Few women were doing comedy when Burnett set her sights on New York. She caught a break when she was spotted by talent bookers from TV’s “The Ed Sullivan Show” and was invited to perform her rendition of “I Made a Fool of Myself over John Foster Dulles.”
Almost immediately, Burnett transformed Dulles, the former secretary of state, “from a Presbyterian bureaucrat into a smoking hot sex symbol,” said Cappy McGarr, the co-creator of the Mark Twain Prize. “She sang that she was ‘simply on fire with desire’ and that was really her big break.”
Soon after, Burnett landed a role in Broadway’s “Once Upon a Mattress,” and began appearing on morning TV’s “The Garry Moore Show.”
She never thought she could host her own show. “I was more of a second banana,” she said. But she loved playing a variety of characters.
CBS signed her to a 10-year contract doing guest shots on sitcoms and performing in one TV special a year, but the deal also allowed her the option of creating her own variety show and guaranteed her airtime.

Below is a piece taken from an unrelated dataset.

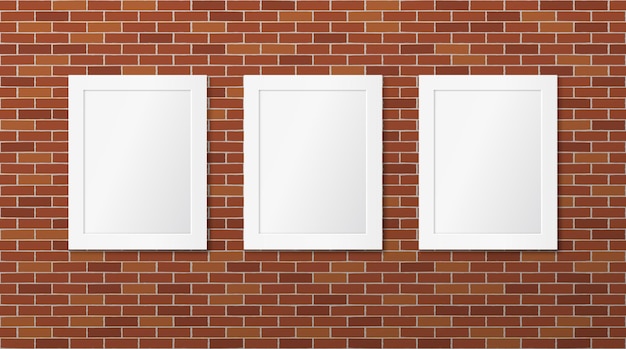 Tres marcos blancos en una pared de ladrillos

But five years in, CBS executives had forgotten about the idea.
She recalled one executive telling her: “You know, variety is a man’s game.”
“At that time, I understood what he was saying, and I was never one to get angry,” Burnett said. “I said ‘well this is what I know, and this is what I want to do.’”

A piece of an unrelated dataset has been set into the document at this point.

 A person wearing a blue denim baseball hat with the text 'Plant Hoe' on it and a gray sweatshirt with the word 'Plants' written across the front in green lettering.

Burnett said it’s a thrill to receive the award named for humorist and satirist Mark Twain and that she’s in good company with past honorees, who include Fey, Bill Cosby, Steve Martin, Lily Tomlin and Ellen DeGeneres.

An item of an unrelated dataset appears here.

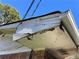 Shows peeling paint and damage on a roof area needing repair with a blue sky and trees in the background at 1511 Stonewood Dr, Norcross, GA 30093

Coming on the heels of the government shutdown, Burnett joked that she hopes the Kennedy Center’s doors will open “so we can get in.”
McGarr said it’s nice to bring an “intentionally funny moment” to Washington after weeks of political drama.
“You know, serious times call for seriously funny people,” McGarr said.
Burnett made a special request that rising comedienne Rosemary Watson, who does impressions of Hillary Clinton and others, be part of the show. Burnett found Watson on YouTube after receiving a fan letter and thought she was funny.
“The thing is, you pay it forward,” Burnett said, “because when I got started, somebody gave me a break when I was 21 years old, and I wanted to go to New York.”